Start of Block

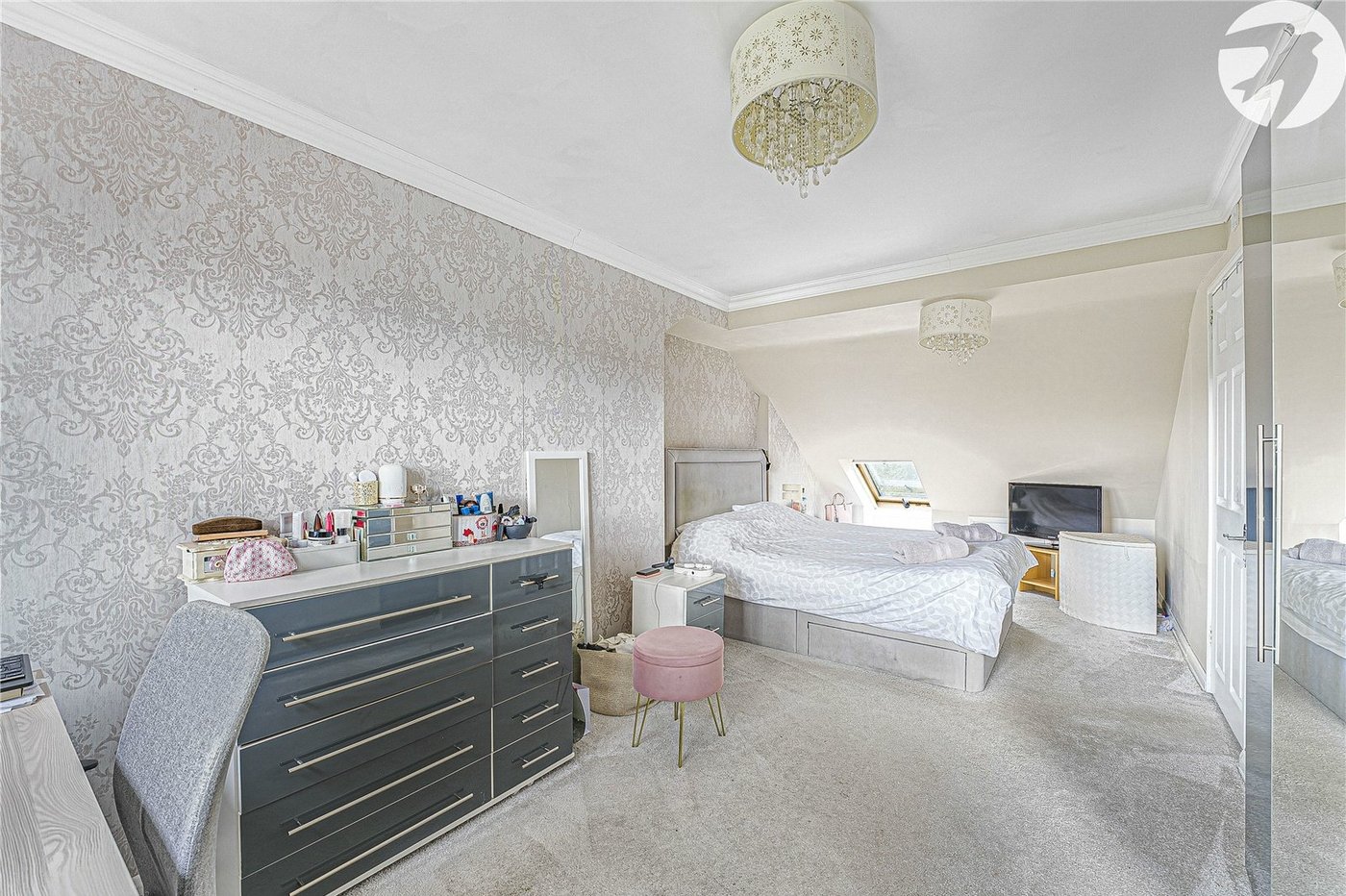 3 bedroom house for sale in Dartford | Robinson Jackson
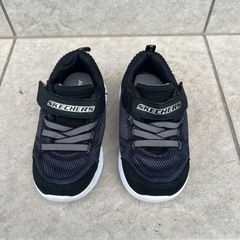 SKECHERS キッズスニーカー 黒 13.0の画像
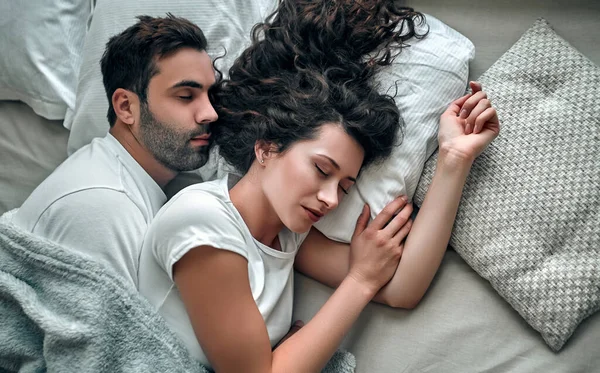 Visão Superior Belo Jovem Casal Abraçando Enquanto Dormem Juntos Cama — Fotografia de Stock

End of Block

TASK DETAILS » Starting at the line that contains "SKECHERS キッズスニーカー 黒 13.0の画像" and ending with the last line of the data, transcribe every line exactly; skip the pictures.

ANSWER SECTION »
 SKECHERS キッズスニーカー 黒 13.0の画像
 Visão Superior Belo Jovem Casal Abraçando Enquanto Dormem Juntos Cama — Fotografia de Stock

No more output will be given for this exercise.